Originally posted by bobo0810 March 17, 2023 对于conv、linear等基础算子,官方列表是否可以清晰列出 Tensor并行 的生效范围呢?

bobo0810 avatar Mar 17 '23 08:03 bobo0810

Bot detected the issue body's language is not English, translate it automatically. 👯👭🏻🧑‍🤝‍🧑👫🧑🏿‍🤝‍🧑🏻👩🏾‍🤝‍👨🏿👬🏿


Title: Tensor parallel scope?

Issues-translate-bot avatar Mar 17 '23 08:03 Issues-translate-bot

Hi @bobo0810 Thanks for the suggestion, we will add it in the near future when we update the documentation.
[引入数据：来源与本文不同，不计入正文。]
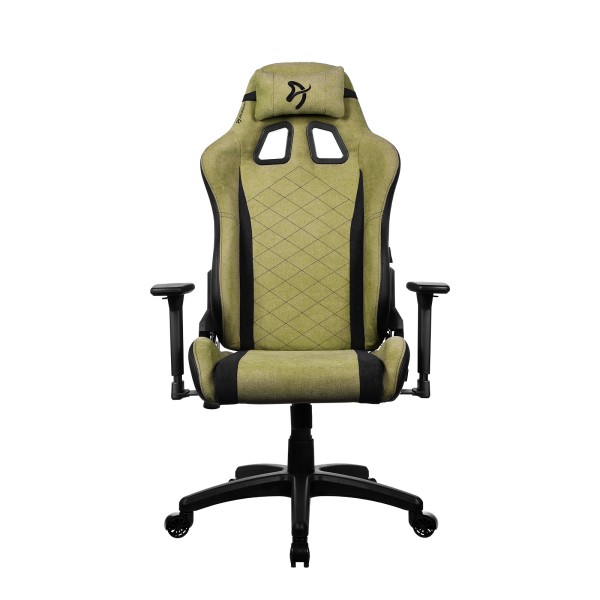 Arozzi Soft Fabric | Gaming Chair ...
binmakeswell avatar Mar 17 '23 09:03 binmakeswell

Discussed in #3156

Originally posted by bobo0810 March 17, 2023 对于conv、linear等基础算子,官方列表是否可以清晰列出 Tensor并行 的生效范围呢? 你好,我想请教一下,我们是不是只能使用 "from colossalai import nn as col_nn" 官方的这种形式定义模型才能使用张量并行呢?普通的torch.nn似乎并不在张量并行的生效范围。

Vvvvvvsysy avatar Mar 20 '23 07:03 Vvvvvvsysy

我也想问 假设 模型为timm_resnet50, 配置文件配置了Tensor并行。训练过程中 模型的Tensor并行是否生效 及 哪些算子生效?
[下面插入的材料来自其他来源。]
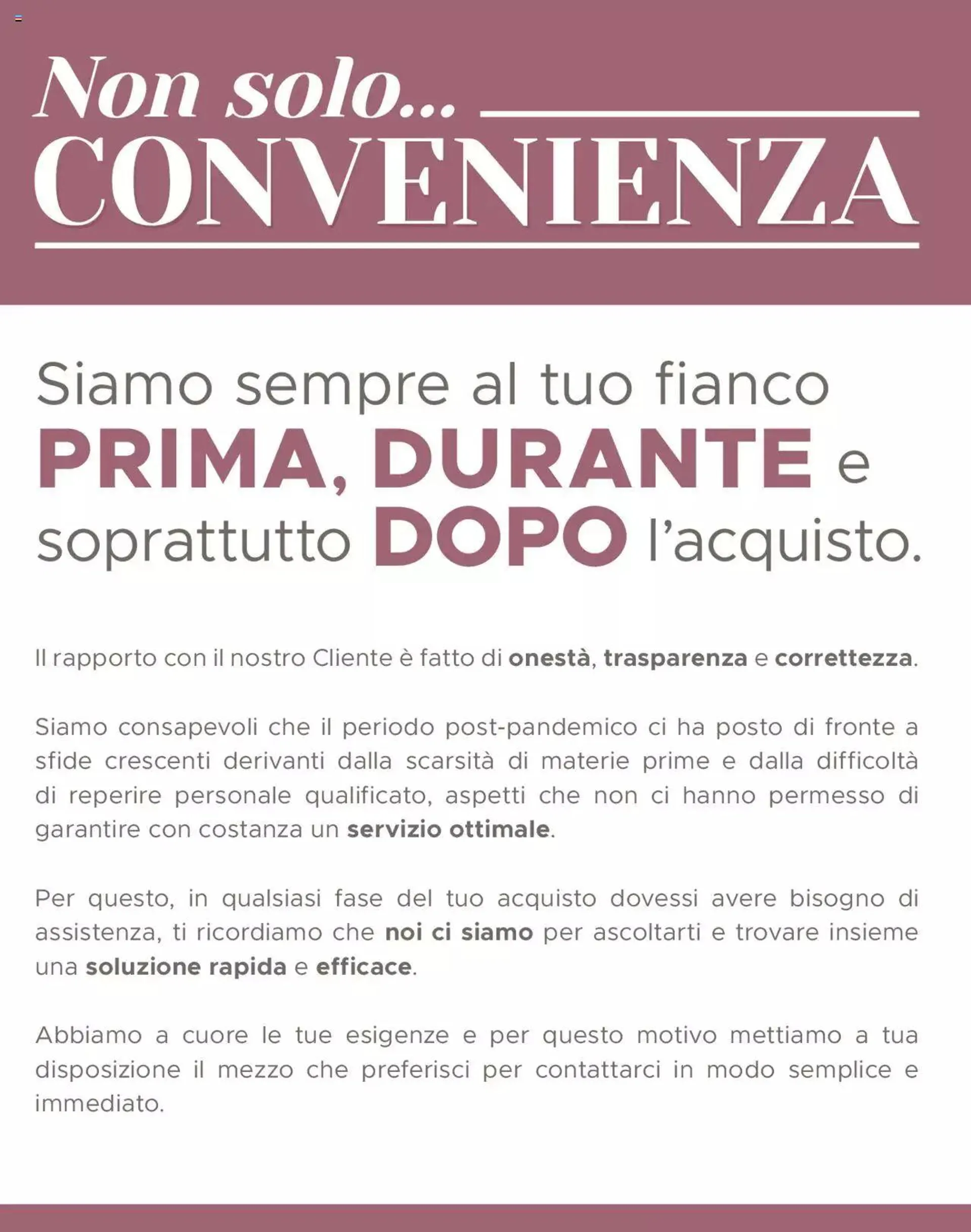 Volantino Mondo Convenienza da 1 aprile a 14 aprile di 2024 - Pagina del volantino 2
bobo0810 avatar Mar 20 '23 07:03 bobo0810

Bot detected the issue body's language is not English, translate it automatically. 👯👭🏻🧑‍🤝‍🧑👫🧑🏿‍🤝‍🧑🏻👩🏾‍🤝‍👨🏿👬🏿


I also want to ask Suppose the model is timm_resnet50, and the configuration file configures Tensor parallelism. During the training process, does the Tensor parallelism of the model take effect and which operators take effect?

Issues-translate-bot avatar Mar 20 '23 07:03 Issues-translate-bot

我也想问 假设 模型为timm_resnet50, 配置文件配置了Tensor并行。训练过程中 模型的Tensor并行是否生效 及 哪些算子生效?
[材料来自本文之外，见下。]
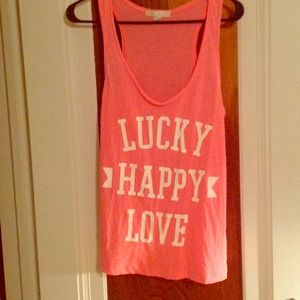 SOLD Forever 21 tank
从我的实验结果来看的话,使用torch.nn配置张量并行并没有达到降低显存消耗的效果,应该是要把模型的结构替换成官方的定义形式。

Vvvvvvsysy avatar Mar 23 '23 01:03 Vvvvvvsysy

Bot detected the issue body's language is not English, translate it automatically. 👯👭🏻🧑‍🤝‍🧑👫🧑🏿‍🤝‍🧑🏻👩🏾‍🤝‍👨🏿👬🏿


I also want to ask. Suppose the model is timm_resnet50, and the configuration file is configured with Tensor parallelism. During the training process, does the Tensor parallelism of the model take effect and which operators take effect?

From my experimental results, using torch.nn to configure tensor parallelism does not achieve the effect of reducing memory consumption. It should be to replace the structure of the model with the official definition form.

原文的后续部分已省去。